:: DATASET CONTENT ::
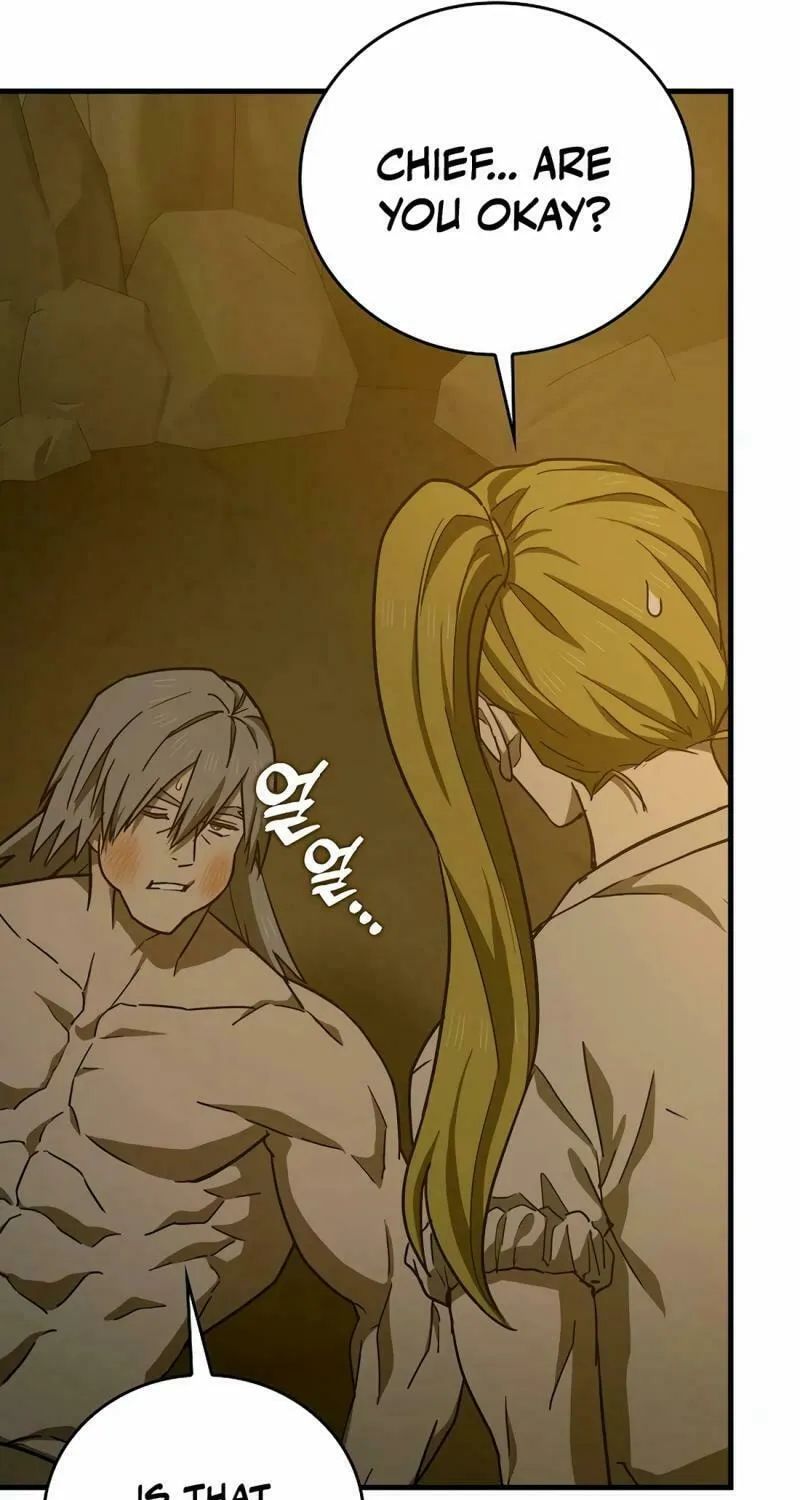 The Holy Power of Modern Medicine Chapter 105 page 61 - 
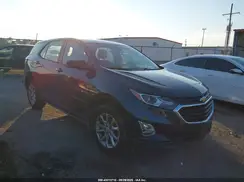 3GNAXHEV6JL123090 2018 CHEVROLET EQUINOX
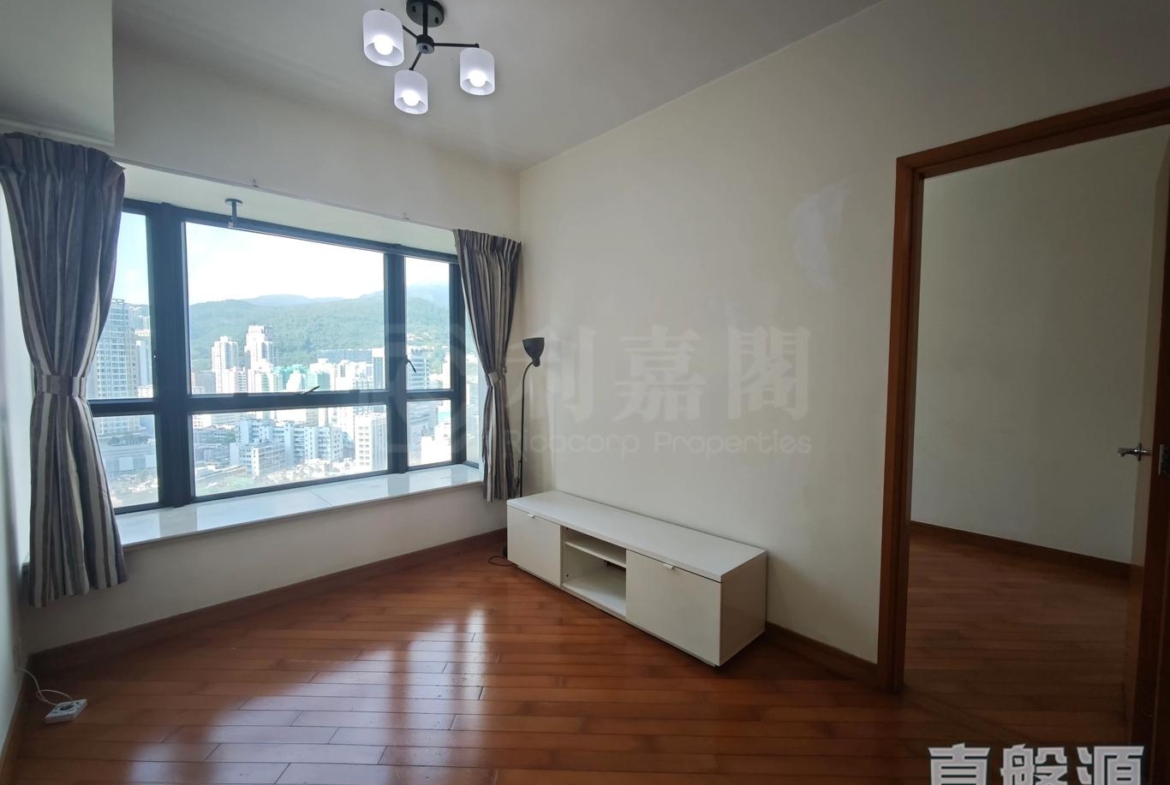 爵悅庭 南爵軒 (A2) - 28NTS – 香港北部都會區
:::
## WHAT IS EXPECTED:
Your copy should hold each line above exactly and no pictures at all.

## EXERCISE RESPONSE:
 The Holy Power of Modern Medicine Chapter 105 page 61 - 
 3GNAXHEV6JL123090 2018 CHEVROLET EQUINOX
 爵悅庭 南爵軒 (A2) - 28NTS – 香港北部都會區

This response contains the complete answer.